*TASK*:
Exact duplicates of the lines from the top of the data through the line containing "Women bright colors" are needed, with every picture left out.
------------------------------------------------------------
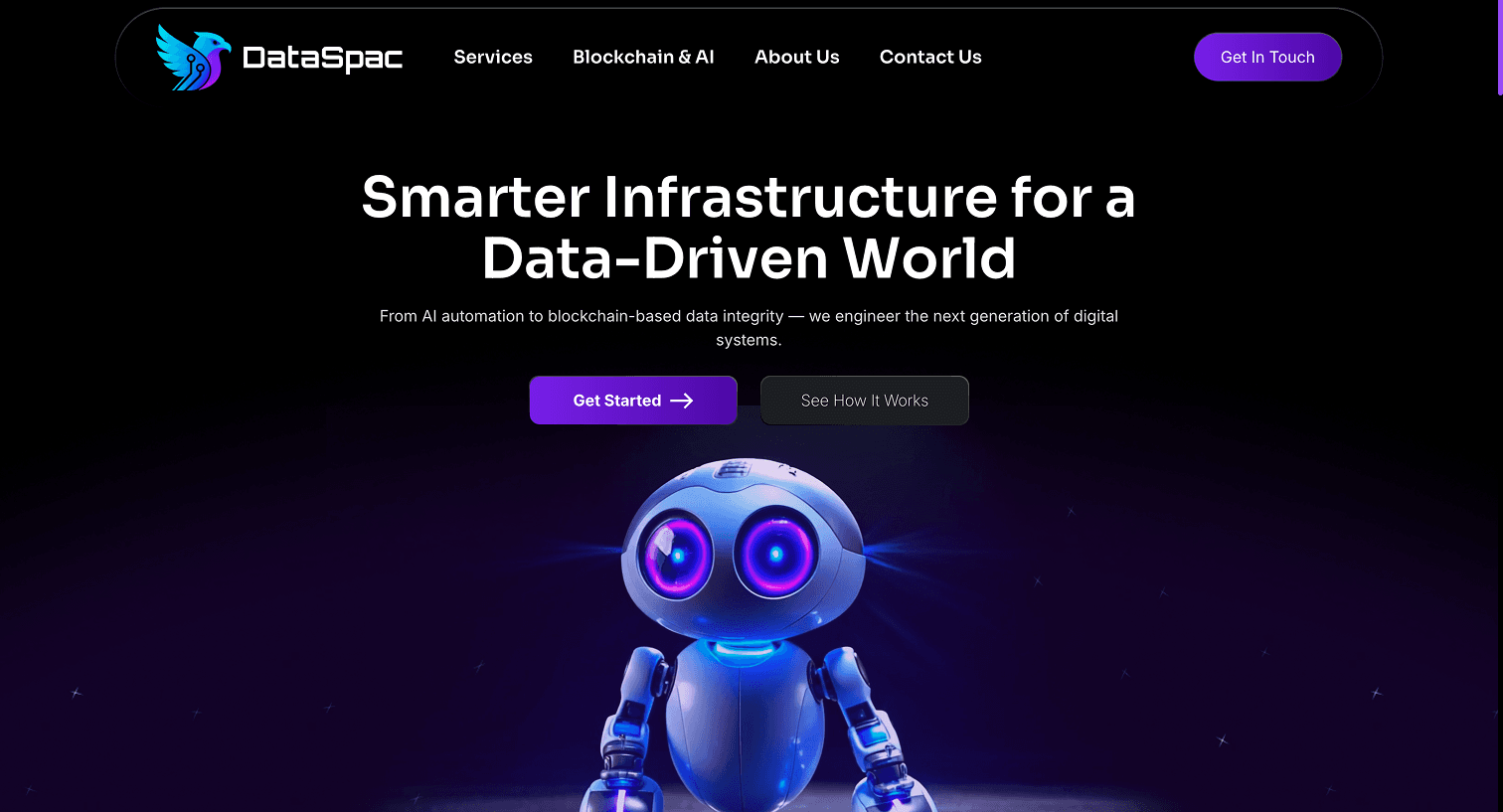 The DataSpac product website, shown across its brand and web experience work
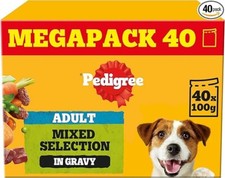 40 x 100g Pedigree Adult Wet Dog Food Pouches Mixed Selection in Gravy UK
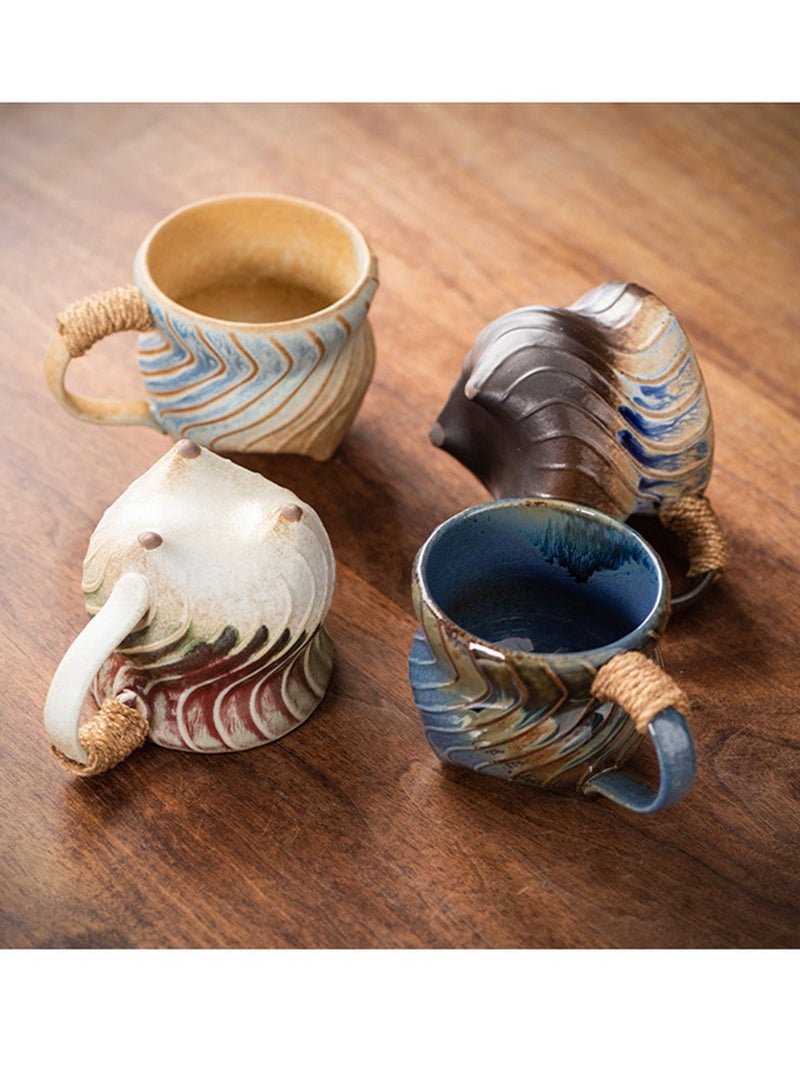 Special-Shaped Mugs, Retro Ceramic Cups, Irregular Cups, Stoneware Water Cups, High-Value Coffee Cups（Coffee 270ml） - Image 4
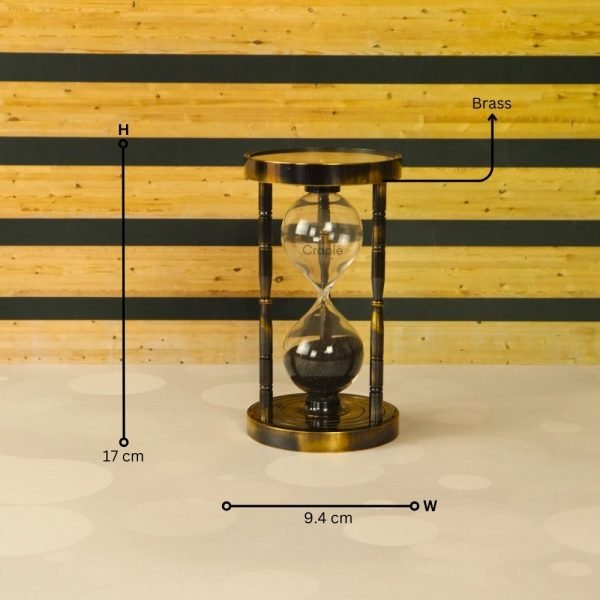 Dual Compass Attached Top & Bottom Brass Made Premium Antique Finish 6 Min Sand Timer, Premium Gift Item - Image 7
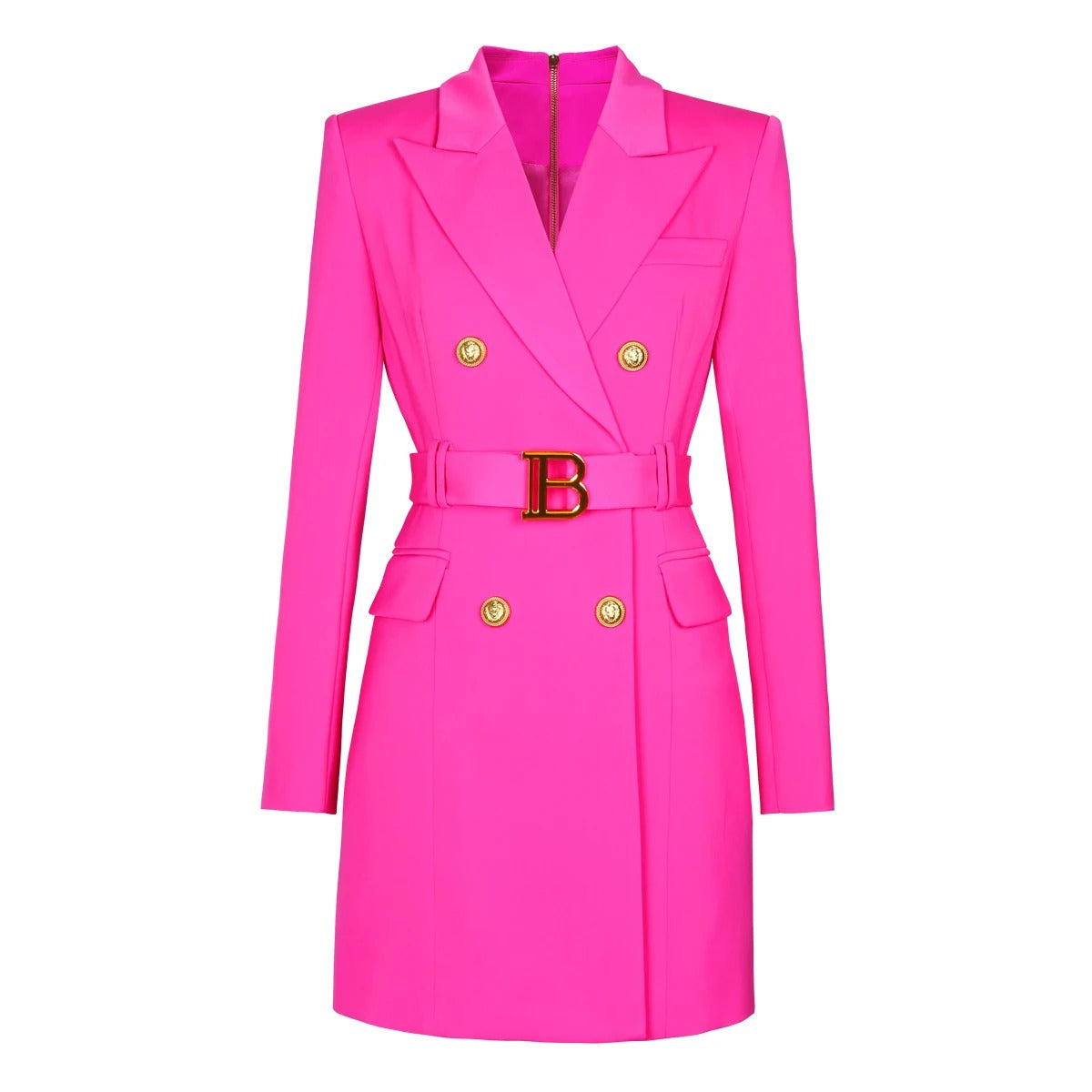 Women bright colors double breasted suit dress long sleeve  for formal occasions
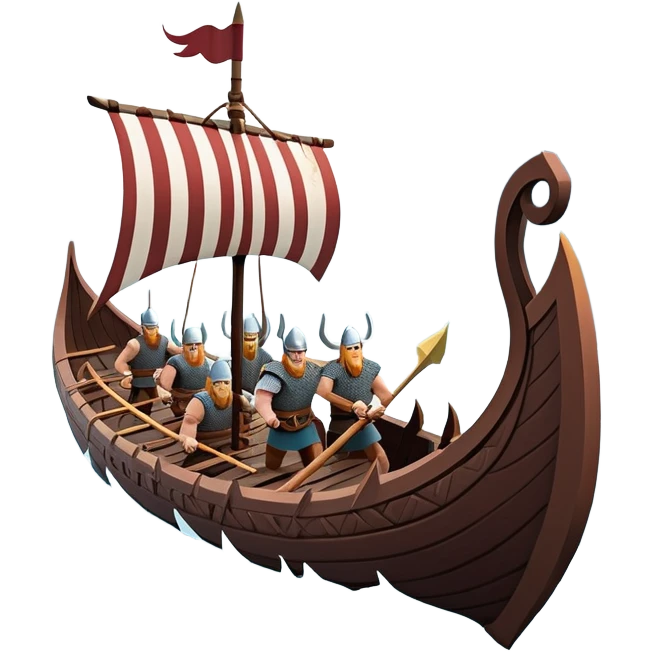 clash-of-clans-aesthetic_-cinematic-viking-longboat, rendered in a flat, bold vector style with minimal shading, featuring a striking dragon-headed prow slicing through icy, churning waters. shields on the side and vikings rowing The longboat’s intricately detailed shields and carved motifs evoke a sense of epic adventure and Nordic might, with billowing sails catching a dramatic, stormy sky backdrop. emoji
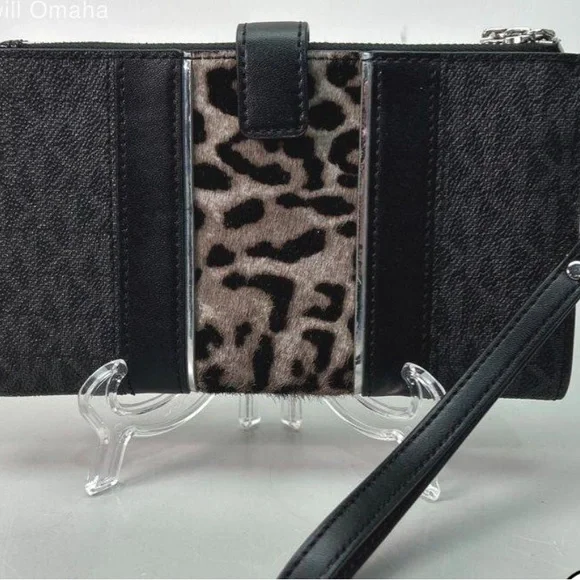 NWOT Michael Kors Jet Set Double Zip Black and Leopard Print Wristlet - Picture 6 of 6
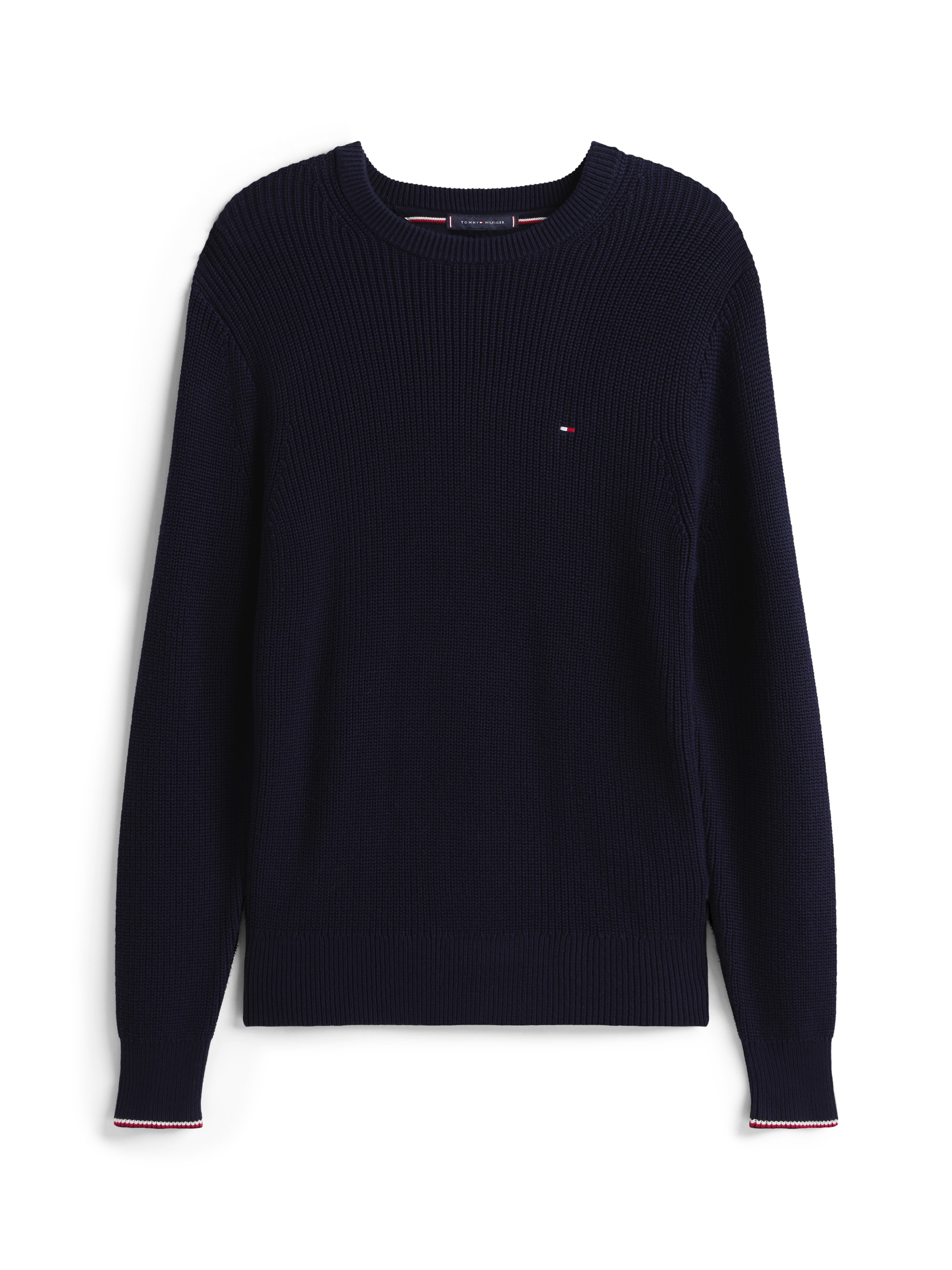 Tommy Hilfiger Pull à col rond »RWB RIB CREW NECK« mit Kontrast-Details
------------------------------------------------------------
*RESPONSE AREA*:
 The DataSpac product website, shown across its brand and web experience work
 40 x 100g Pedigree Adult Wet Dog Food Pouches Mixed Selection in Gravy UK
 Special-Shaped Mugs, Retro Ceramic Cups, Irregular Cups, Stoneware Water Cups, High-Value Coffee Cups（Coffee 270ml） - Image 4
 Dual Compass Attached Top & Bottom Brass Made Premium Antique Finish 6 Min Sand Timer, Premium Gift Item - Image 7
 Women bright colors double breasted suit dress long sleeve  for formal occasions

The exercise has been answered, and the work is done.